Due to the fluctuation in land values, the unpredictable state of the economy and of governmental regulations, the fluctuating money market for real estate loans of all types, and other factors which directly affect the value and marketability of the Property, the parties recognize that it would be extremely difficult and impracticable, if not impossible, to ascertain with any degree of certainty the amount of damages which would be suffered by Seller in the event of Purchaser's failure to perform its obligation to purchase the Property under this Agreement. Accordingly, the parties agree that a reasonable estimate of Seller's damages in such event is the amount of the Earnest Money[.]

This language indicates that the parties agreed to the presence of the two factors necessary for a liquidated damages provision to be enforceable.

Is the parties' agreement to these factors sufficient to prevent the liquidated damages provision from violating public policy, or is a court required to make its own independent finding concerning the Guiliano factors? There are several cases relevant to this question. In Eatherly Construction Co. v. HTI Memorial Hospital, No. M2003-02313-COA-R3-CV, 2005 WL 2217078, at *1 (Tenn. Ct. App. Sept. 12, 2005), a construction company filed suit against a hospital for breach of contract, and the hospital responded with a counterclaim to recover liquidated damages in the amount of $500 a day for each day of delay on the project. The liquidated damages provision included the following language: "These liquidated damages are cumulative and additive and represent a reasonable estimate of [the hospital's] expenses for extended delays and administrative costs associated with such delay." Eatherly, 2005 WL 2217078, at *7. The trial court denied both parties summary judgment on the hospital's claim for liquidated damages. Id. at *3. After the hospital put on its case in chief at an evidentiary hearing, the court dismissed the hospital's claim for liquidated damages. Id. The trial court made a factual finding that the hospital "failed to establish that the liquidated sum, $500 a day, was a reasonable estimation of the damages it would likely suffer in the event of a delay." Id. at *5. The trial court, therefore, determined that the liquidated damages provision constituted a penalty and was unenforceable. Id.

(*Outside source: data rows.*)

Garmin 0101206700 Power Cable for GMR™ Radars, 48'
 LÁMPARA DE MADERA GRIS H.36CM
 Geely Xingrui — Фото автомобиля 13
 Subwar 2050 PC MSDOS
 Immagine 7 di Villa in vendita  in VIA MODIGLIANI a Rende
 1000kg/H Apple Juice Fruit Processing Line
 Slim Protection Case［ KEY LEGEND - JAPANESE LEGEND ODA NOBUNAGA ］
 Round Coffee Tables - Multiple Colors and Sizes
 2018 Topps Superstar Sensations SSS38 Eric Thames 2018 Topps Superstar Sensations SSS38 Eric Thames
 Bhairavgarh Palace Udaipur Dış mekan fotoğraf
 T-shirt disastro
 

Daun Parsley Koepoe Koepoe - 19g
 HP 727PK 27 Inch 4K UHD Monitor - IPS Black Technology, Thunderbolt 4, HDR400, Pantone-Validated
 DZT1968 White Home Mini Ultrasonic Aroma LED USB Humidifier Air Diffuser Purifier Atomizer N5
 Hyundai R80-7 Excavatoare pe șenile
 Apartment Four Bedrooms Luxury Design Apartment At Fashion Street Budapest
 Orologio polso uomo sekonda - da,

In its ruling from the bench, the court stated that, "there is a lack of evidence as to how this provision was negotiated and what was the foresight that these individuals had when they entered into it as to what might be the potential harm." Eathery, 2005 WL 2217078, at *5.

On appeal, this Court affirmed the trial court's finding that "the evidence was inadequate to establish the liquidated sum agreed upon was a reasonable estimate." Id. at *9. The court compared the facts before it to the facts in Guiliano:

In Guiliano, the parties used a relevant and material economic value, that value was the annual salary of Anthony Guiliano. It represented the value for which Mr. Guiliano was willing to work and the value for which Cleo Inc. was willing to compensate him for his services. The significance of this value is that the parties did not pull a figure out of the air. To the contrary, they used a previously agreed upon value (Guilano's salary) which value was relevant to the damage Guiliano was likely to sustain in the event his employment was terminated in violation of the agreement.
Here, the trial court specifically found there was no proof in the record to support a finding that the liquidated sum agreed upon was a reasonable estimate of the damages to be incurred by Memorial. The best, if not only evidence offered by Memorial to support its contention that $500 per day is reasonable is that the parties "agreed" to the amount. While the fact the parties "agreed" to the amount is relevant, and it is a factor to be considered in order to determine whether the amount was a reasonable estimate at the time the parties entered into the contract, that evidence-the parties'
agreement-standing alone does not preponderate against the trial court's specific finding to the contrary.
Id. (footnote omitted). This Court ruled that the parties' agreement regarding the reasonableness of the amount of liquidated damages was not dispositive.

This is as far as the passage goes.